Form 8-K

 

 

UNITED STATES

SECURITIES AND EXCHANGE COMMISSION

WASHINGTON, DC 20549

 

 

FORM 8-K

 

 

CURRENT REPORT PURSUANT

TO SECTION 13 OR 15(d) OF THE

SECURITIES EXCHANGE ACT OF 1934

Date of report (Date of earliest event reported): May 1, 2013

 

 

Spark Networks, Inc.

(Exact Name of Registrant as Specified in Its Charter)

 

 

Delaware

(State or Other Jurisdiction of Incorporation)

 

001-32750   20-8901733
(Commission File Number)   (IRS Employer Identification No.)
8383 Wilshire Boulevard, Suite 800, Beverly Hills, California   90211
(Address of Principal Executive Offices)   (Zip Code)

(323) 658-3000

(Registrant’s Telephone Number, Including Area Code)

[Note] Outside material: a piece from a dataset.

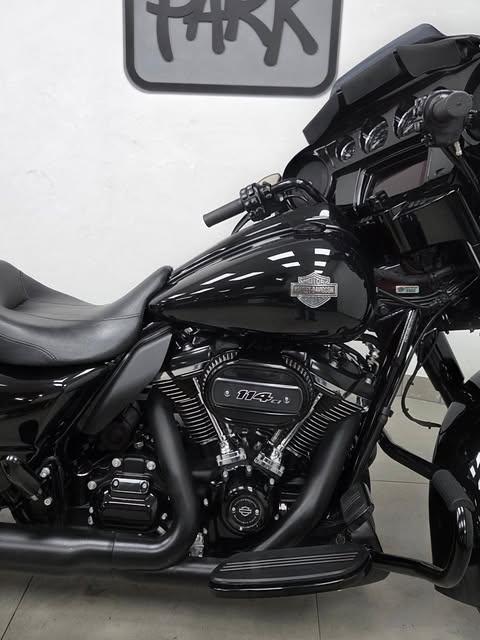 HARLEY-DAVIDSON STREET GLIDE SPECIAL - Imagem 4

(Former Name or Former Address, if Changed Since Last Report)

 

 

Check the appropriate box below if the Form 8-K filing is intended to simultaneously satisfy the filing obligation of the registrant under any of the following provisions (see General Instruction A.2. below):

 

¨ Written communications pursuant to Rule 425 under the Securities Act (17 CFR 230.425)

 

¨ Soliciting material pursuant to Rule 14a-12 under the Exchange Act (17 CFR 240.14a-12)

 

¨ Pre-commencement communications pursuant to Rule 14d-2(b) under the Exchange Act (17 CFR 240.14d-2(b))

 

¨ Pre-commencement communications pursuant to Rule 13e-4(c) under the Exchange Act (17 CFR 240.13e-4(c))

 

 

 


Item 8.01. Other Information

This Current Report is being filed by Spark Networks, Inc. (the “Company”) to provide the correct number of shares available for future issuance under the Company’s 2007 Omnibus Incentive Plan as reported in the Company’s proxy statement, filed with the Securities and Exchange Commission on April 2, 2013.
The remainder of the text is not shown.